[Source records]

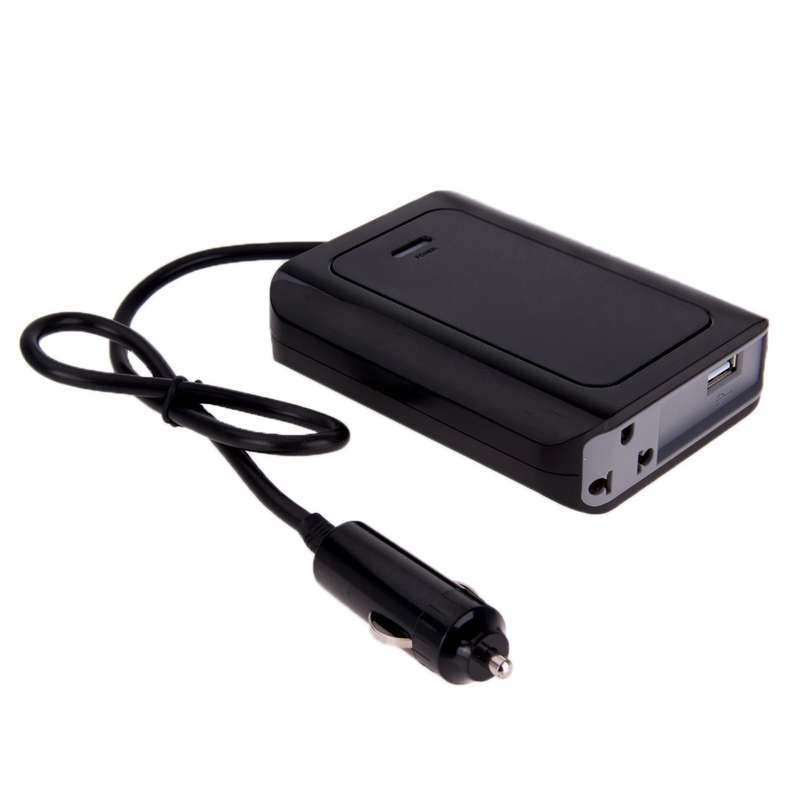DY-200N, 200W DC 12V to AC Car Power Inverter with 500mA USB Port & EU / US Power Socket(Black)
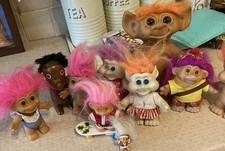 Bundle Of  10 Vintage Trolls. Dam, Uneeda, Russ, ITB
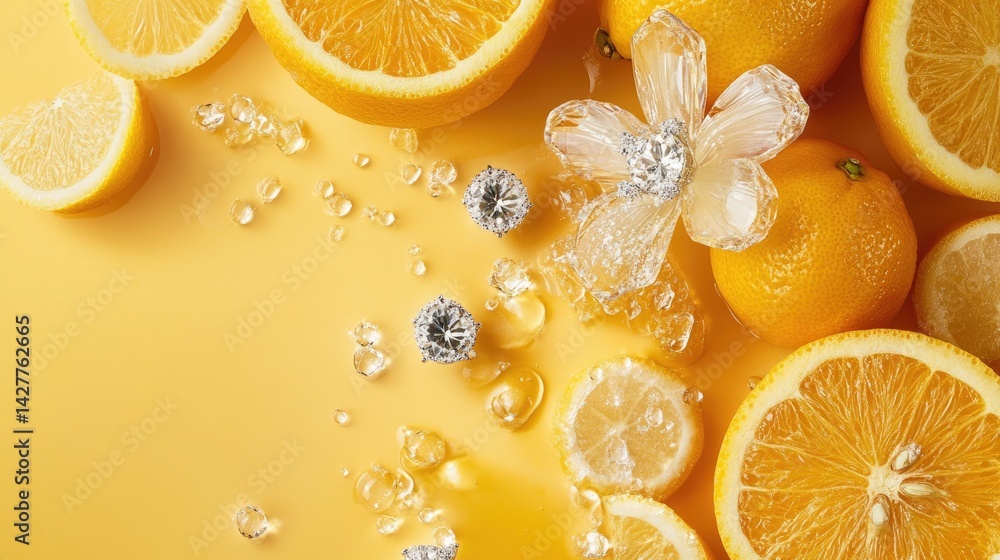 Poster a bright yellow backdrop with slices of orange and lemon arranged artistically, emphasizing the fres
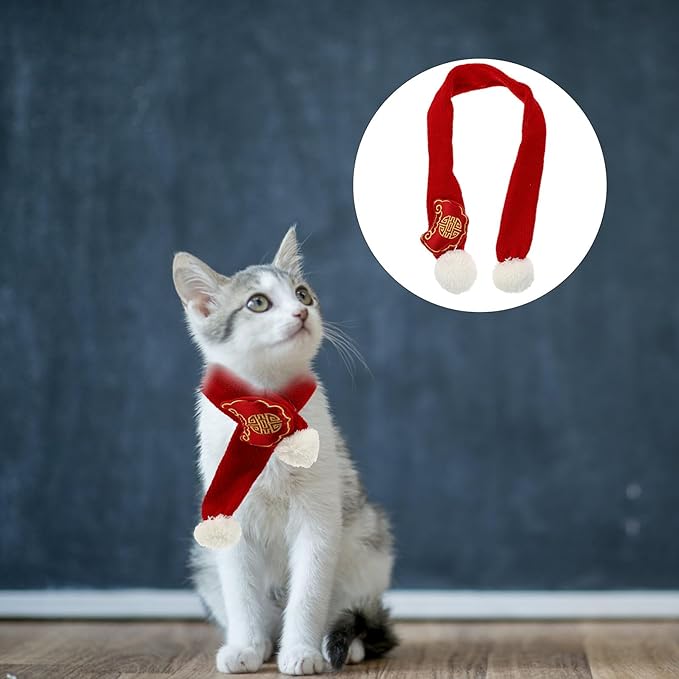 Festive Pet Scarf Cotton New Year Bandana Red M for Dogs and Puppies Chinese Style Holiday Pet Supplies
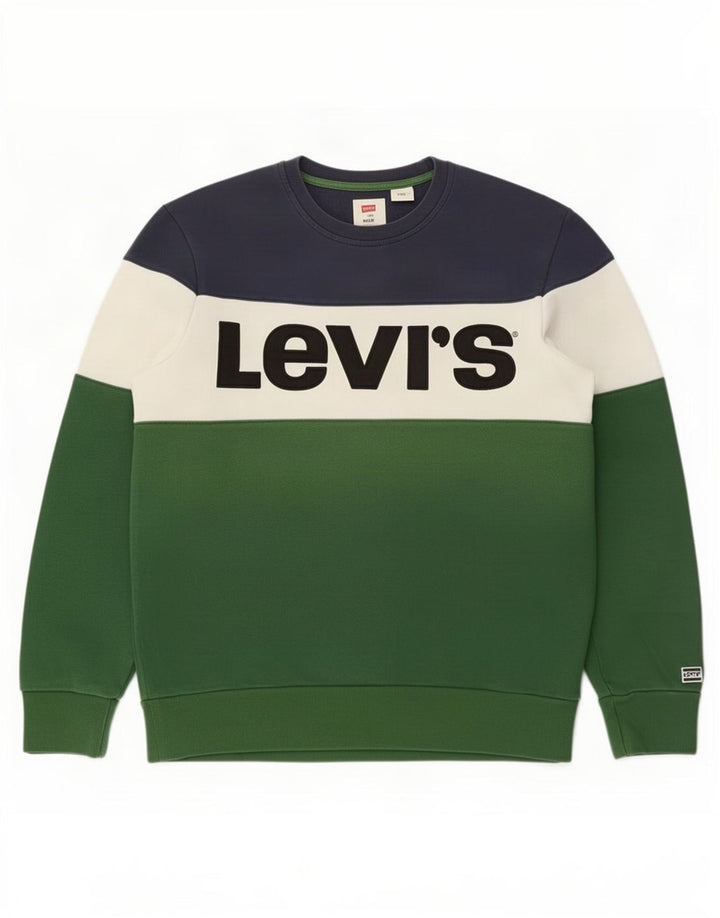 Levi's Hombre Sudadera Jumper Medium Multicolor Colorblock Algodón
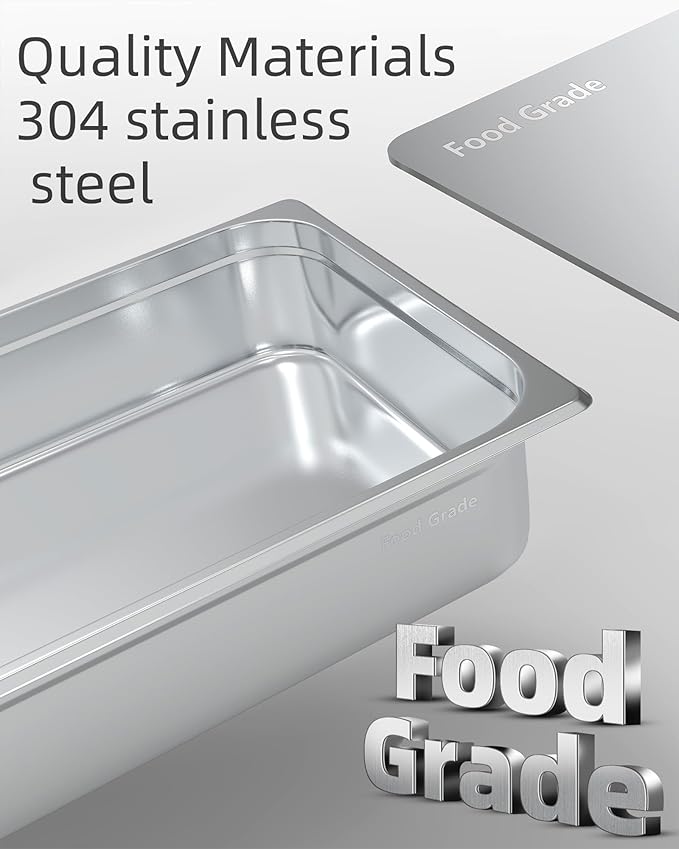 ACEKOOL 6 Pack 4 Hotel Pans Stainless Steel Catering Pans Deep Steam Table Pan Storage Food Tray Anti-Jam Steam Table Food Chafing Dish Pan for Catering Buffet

▶ [DIRECTIONS FOR THIS TASK] With the pictures set aside, please write out all of the records above exactly.

▶ [ANSWER TO THIS TASK]
DY-200N, 200W DC 12V to AC Car Power Inverter with 500mA USB Port & EU / US Power Socket(Black)
 Bundle Of  10 Vintage Trolls. Dam, Uneeda, Russ, ITB
 Poster a bright yellow backdrop with slices of orange and lemon arranged artistically, emphasizing the fres
 Festive Pet Scarf Cotton New Year Bandana Red M for Dogs and Puppies Chinese Style Holiday Pet Supplies
 Levi's Hombre Sudadera Jumper Medium Multicolor Colorblock Algodón
 ACEKOOL 6 Pack 4 Hotel Pans Stainless Steel Catering Pans Deep Steam Table Pan Storage Food Tray Anti-Jam Steam Table Food Chafing Dish Pan for Catering Buffet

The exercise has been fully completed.